Michael McDonald of the East End Resilience Network told the trustees that while he supports wind power and “we have to move into renewable energy to deal with climate change,” his initial support for the South Fork Wind Farm faded on closer examination.
“If they were delivering a solution to peak demand, that would be great,” Mr. McDonald said of the South Fork’s high demand for electricity during the summer months. “They’re not doing that. In reality, the hottest days of the year have essentially no wind, so this is not a solution for peak demand,” which he said was the purpose of LIPA’s South Fork request for proposals, from which the South Fork Wind Farm was selected.
In fact, he said, the wind farm as proposed will not deliver nearly enough power to meet the summer demand, but LIPA ratepayers will nonetheless be saddled with a high fixed rate throughout the wind farm’s life span despite a predicted steep fall in the cost of wind power.
He also criticized the town board, which voted 3-2 to support the granting of an easement last Thursday “without doing appropriate due diligence, and in addition to that, putting out public statements that say that there is no environmental concern about Deepwater Wind.” The latter assertion may have been a reference to a July 17 memo issued jointly by the town’s Natural Resources and Planning Departments that concludes with a finding that granting the easement would have “no adverse environmental impact on natural resources within the town’s jurisdiction.”
Like Mr. McDonald, Tom Bjurlof criticized the town board for its move last Thursday. He too urged the trustees to allow Deepwater Wind to submit permit applications to federal and state agencies without first granting access rights, as the developer has sought. He urged the trustees to file for intervener status under Article VII, a review process under the state public service law covering applications to construct and operate a major electric transmission facility. The trustees had previously indicated that they would file for intervener status.

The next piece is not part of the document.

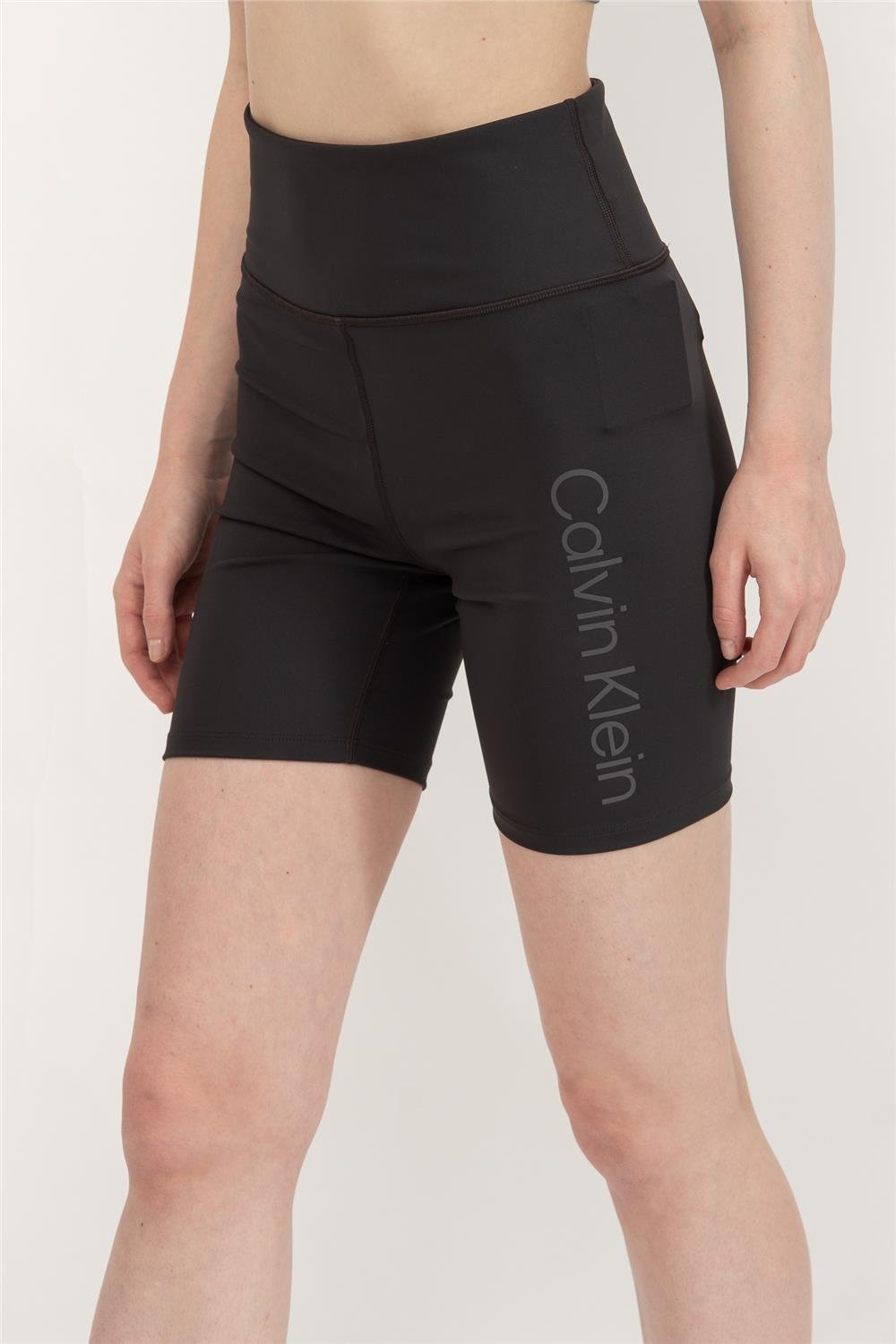 Calvin Klein Kadın Spor Şortu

David Gruber, who is running for town board, repeated criticism he voiced at the town board meeting last Thursday and decried what he said was the popular misconception that granting an easement to Deepwater Wind will enhance the town’s ability to participate in influencing the wind farm’s ultimate outcome. “I can’t tell you exactly who’s conning whom here,” he said, “but we are collectively being conned.”
Clint Plummer, Deepwater Wind’s vice president of development, said in an email yesterday that the proposed wind farm is “a year-round energy solution for the South Fork” and “a major part of a portfolio of energy solutions selected specifically by LIPA to address the South Fork’s need for new sources of energy, especially during peak energy demand in the summer months.” LIPA’s South Fork request for proposals “was not intended to supply all the energy used on the South Fork, but rather to satisfy a particular energy need within a certain time frame. Independent energy professionals determined that this portfolio is the most affordable solution to meet the South Fork’s specific energy challenge. Every other option that was considered would cost ratepayers more.” LIPA ratepayers will only be charged for the power the wind farm delivers, he said, “which LIPA has stated is comparable to the price of its other renewables.”